Worldwide page volume from digital hardcopy devices has dipped to 2.98 trillion in 2012 from 3.03 trillion in 2011, a decline of 1.5 percent year over year, according to IDC.
However, in spite of the decline, the world continues to print at a good clip. Developed countries continued their negative page growth trend, driven by digital workflows, adoption of managed print services (MPS) and anemic economies. The silver lining for print volume in developed economies appears to be net new incremental pages from mobile devices.
While it may seem counter intuitive, smartphone and tablet users are generating more print volume compared to non-tablet/smartphone users.
IDC research indicates that mobile printing is gaining traction on a year-over-year basis and by 2015, more than 50 percent of smartphone and tablet business users will use mobile print in the office environment. Although mobile printing is growing rapidly on a year-over-year basis, both tablet and smartphone users need help to print from their devices. Over 50% of smartphone users and 35% of tablet users indicate that they do not know how to print from their mobile devices.
Developing countries helped to counter the negative trend in developed countries. In particular, Asia/Pacific (excluding Japan) (APeJ) led the way with 10 percent year-over-year page growth.
IDC expects worldwide page volume to remain flat for the 2013-2017 forecast period. In addition, APeJ is expected to displace the US for the highest share of page volume by 2015. China and India are expected to be the major growth countries in the APeJ region.
From a technology perspective, monochrome laser will continue to have the largest share of pages across the forecast period. Mono laser’s installed base is forecast to grow, but pages are forecast to decline due to falling average monthly print volume (AMPV).
Colour laser has a small portion of the installed base and total pages, but it has the best outlook. For colour laser, both the installed base and pages are forecast to grow, mainly because of colour laser multifunction printers (MFPs). Colour laser page growth will also be restrained by falling AMPVs. Inkjet’s installed base and pages are forecast to decline through 2017. Inkjet comprises the majority of the installed base, but a tiny minority of pages.
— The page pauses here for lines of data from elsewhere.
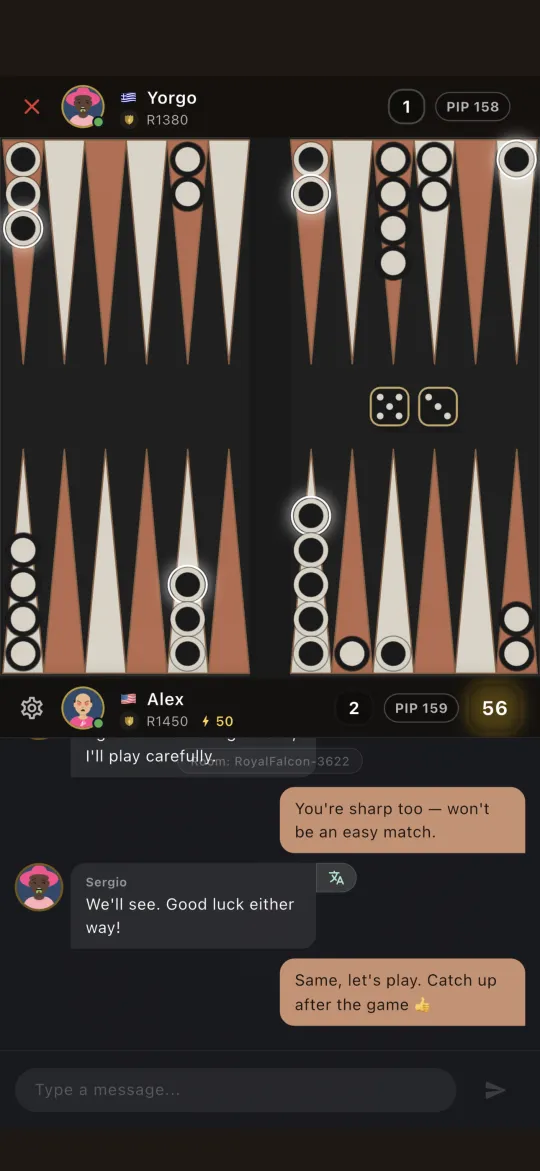 A backgammon match in progress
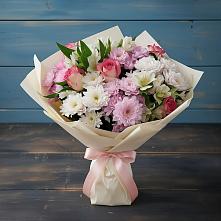 Букет цветов из:  Хризантемы, Альстромерии и Розы в Шумихе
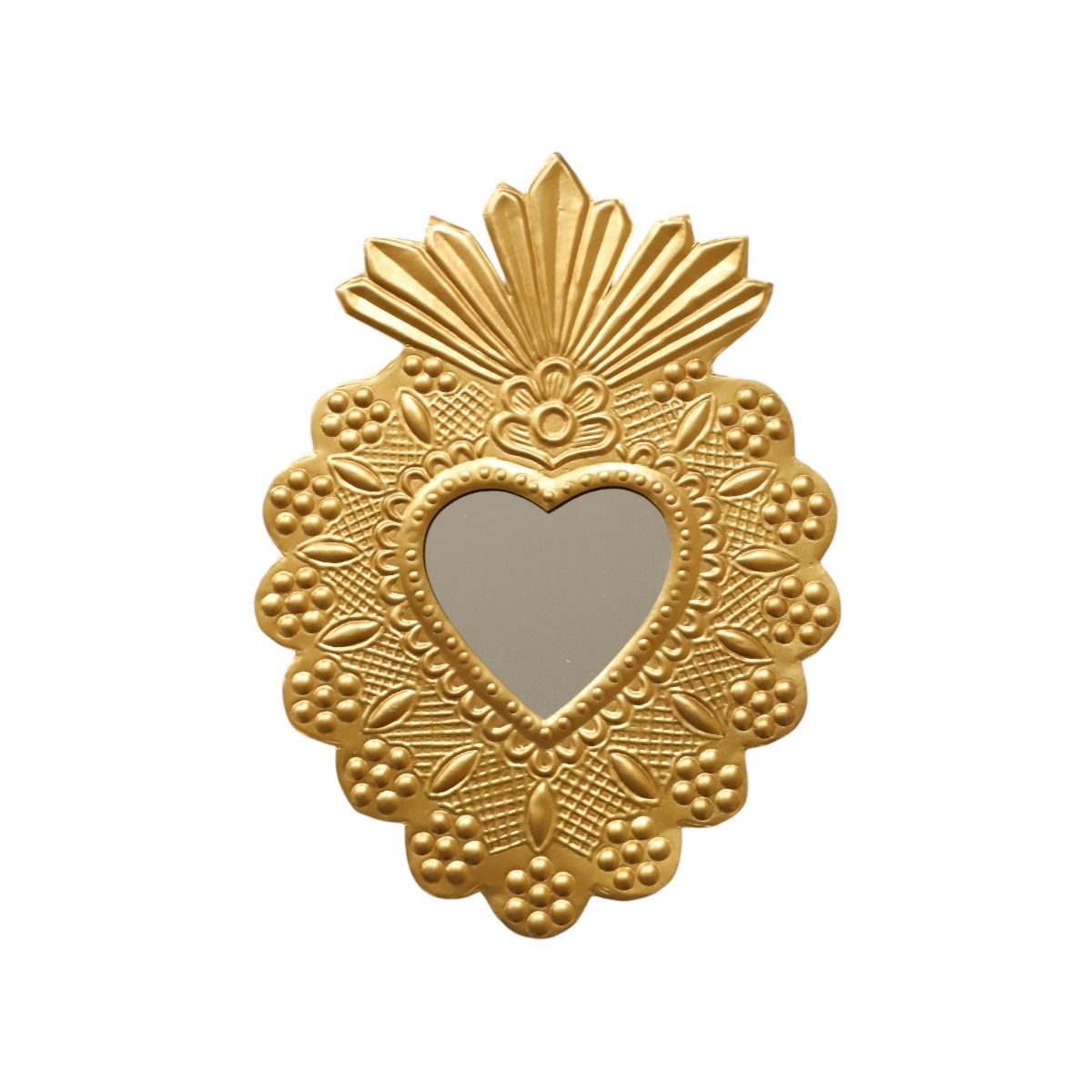 Miroir coeur ex-voto doré Pondie Chérie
HP retained the number one position for overall worldwide page share in 2012. Canon and Xerox retained the number two and three rankings in worldwide page share. While most rankings remain unchanged, there were some notable findings. HP, driven by an increase in MFPs in its product mix, displaced Xerox as the leader in the colour laser segment. In addition, Samsung, driven by increased shipments, broke into the top 3 A4 Mono MFP page position, displacing Xerox.